Date Published: September 14, 2015
Publisher: Public Library of Science
Author(s): Joseph Gault, Mathias Ferber, Silke Machata, Anne-Flore Imhaus, Christian Malosse, Arthur Charles-Orszag, Corinne Millien, Guillaume Bouvier, Benjamin Bardiaux, Gérard Péhau-Arnaudet, Kelly Klinge, Isabelle Podglajen, Marie Cécile Ploy, H. Steven Seifert, Michael Nilges, Julia Chamot-Rooke, Guillaume Duménil, Tomoko Kubori.
The ability of pathogens to cause disease depends on their aptitude to escape the immune system. Type IV pili are extracellular filamentous virulence factors composed of pilin monomers and frequently expressed by bacterial pathogens. As such they are major targets for the host immune system. In the human pathogen Neisseria meningitidis, strains expressing class I pilins contain a genetic recombination system that promotes variation of the pilin sequence and is thought to aid immune escape. However, numerous hypervirulent clinical isolates express class II pilins that lack this property. This raises the question of how they evade immunity targeting type IV pili. As glycosylation is a possible source of antigenic variation it was investigated using top-down mass spectrometry to provide the highest molecular precision on the modified proteins. Unlike class I pilins that carry a single glycan, we found that class II pilins display up to 5 glycosylation sites per monomer on the pilus surface. Swapping of pilin class and genetic background shows that the pilin primary structure determines multisite glycosylation while the genetic background determines the nature of the glycans. Absence of glycosylation in class II pilins affects pilus biogenesis or enhances pilus-dependent aggregation in a strain specific fashion highlighting the extensive functional impact of multisite glycosylation. Finally, molecular modeling shows that glycans cover the surface of class II pilins and strongly decrease antibody access to the polypeptide chain. This strongly supports a model where strains expressing class II pilins evade the immune system by changing their sugar structure rather than pilin primary structure. Overall these results show that sequence invariable class II pilins are cloaked in glycans with extensive functional and immunological consequences.

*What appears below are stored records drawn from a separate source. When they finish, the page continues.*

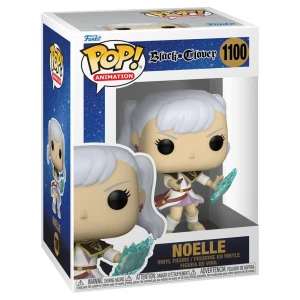 Figurine Funko Pop Animation Black Clover Noelle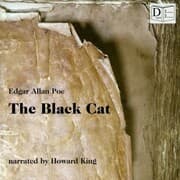Cover von The Black Cat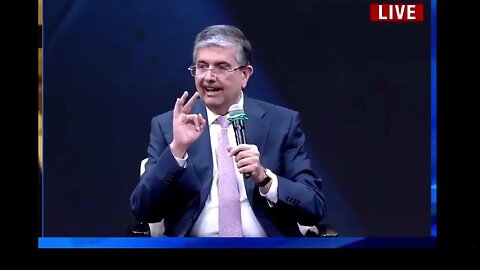“美元是最大的金融恐怖分子！” — 印度億萬富翁兼銀行首席執行官 Uday Kotak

Members of the Neisseria genus are Gram-negative proteobacteria that include several commensals such as N. sicca, N. lactamica or N. elongata and two human pathogens, N. gonorrheae and N. meningitidis. Both of these are highly adapted for interaction with humans, their unique host. N. gonorrheae colonizes the human urogenital tract and is responsible for a sexually transmitted infection characterized by a massive inflammatory response and purulent discharge. Neisseria meningitis is responsible for devastating sepsis and meningitis . N. meningitidis proliferates on the surface of epithelial cells lining the nasopharynx in approximately 5 to 30% of the total human population. Pathogenesis is initiated when bacteria access the bloodstream from the throat, survive and multiply in the blood. Systemic infection and perturbation of vascular function lead to sepsis, the most severe form of the disease associated with organ dysfunction, limb necrosis and death in certain cases. N. meningitidis can also cross the blood-brain barrier and access the cerebrospinal fluid, leading to meningitis.
Our results show that, unlike in class I pilins, a large portion of the pilus surface is coated with sugars in class II pilins. Over the years pilin glycosylation of class I pilins has been studied from 3 different Neisseria meningitidis strains demonstrating a single conserved glycosylation site at Ser63 (Table 3). Strain C311#3 displays a Gal(β1–4)Gal(α1–3)2,4-DATDH , strain 8013 one GATDH residue  and NIID280 a DATDH residue . In addition, N. gonorrhoeae strain N400 presents a hexose residue linked to a DATDH on its class I pilin also at Ser63 . In this single study using top-down mass spectrometry, we describe for the first time the glycosylation pattern of 5 different strains expressing class II pilins including the FAM18 reference strain. Pilins from all of these 5 strains display 3 to 5 glycosylation sites (Table 3). Independently of the serogroup, clonal complex, geographic site or temporal period of isolation of the strains (Table 2), class I pilins show a single site of glycosylation while class II pilins have multiple sites of glycosylation.